You No Longer Have the Evidence

This is a big problem. If you paid off a loan or paid it on time and the lender and credit bureau show it as unpaid or in collection, you must have the documentation to back up your claim. If you lost the evidence, your letter of a dispute of credit report will be in vain. Part of that evidence is the proof (certified mail receipt) that you sent your dispute letter to the credit bureau, and they received it. In a legal battle, you won’t get past the initial hearing without evidence. If you have been denied credit because of the errors, have that put in writing, so you have something to show that this error caused you harm.

Too Little Information to Dispute a Credit Report Error

The more information, the better. If you simply call the credit reporting agency and don’t offer up enough details, you may have already lost the battle. Credit bureaus prefer these quick phone calls because then they can summarize your dispute as frivolous, and they won’t be required to open an investigation. Do not give the credit reporting agency the ammunition to say, “You didn’t provide enough information.” Send them every piece of documentation you have related to your issue when filing your dispute. It’s better to do everything in writing rather than by phone call. 

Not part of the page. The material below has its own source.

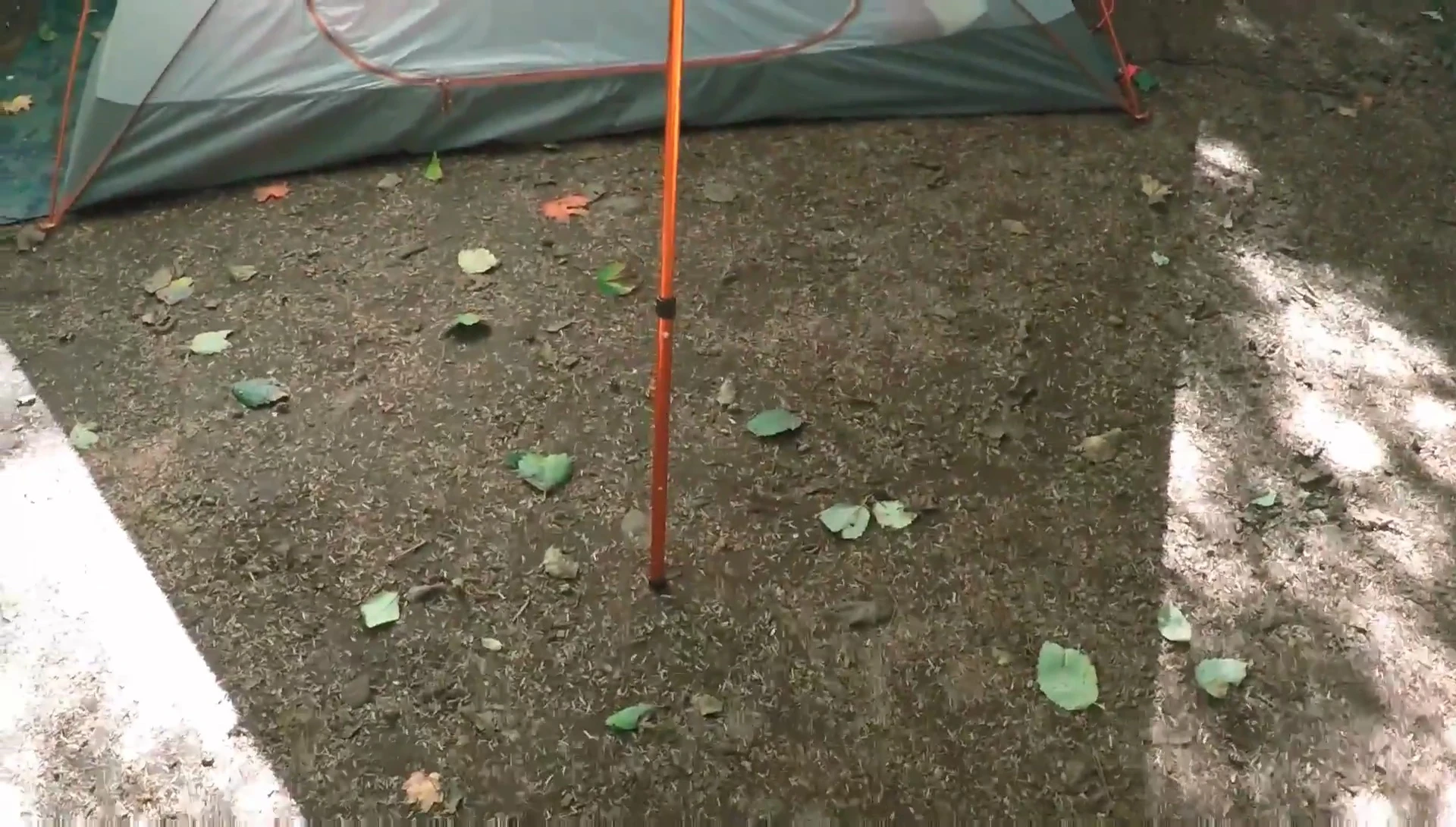 Close-up of the adjustable poles.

You Worked with a Debt Collector and Re-Aged Your Debt

If you work with any debt collection service, often, your debt will be re-aged to the new payment terms. The effect this has is that now a bad debt can stay on your credit report for longer than ten years, and this is a hard one to dispute. The FCRA does allow you to fight it, but you have to provide original documentation to show the actual date of the loan. 

You have the right to a clean credit report. If you follow the steps outlined in this article, you can challenge any errors and get them resolved expediently.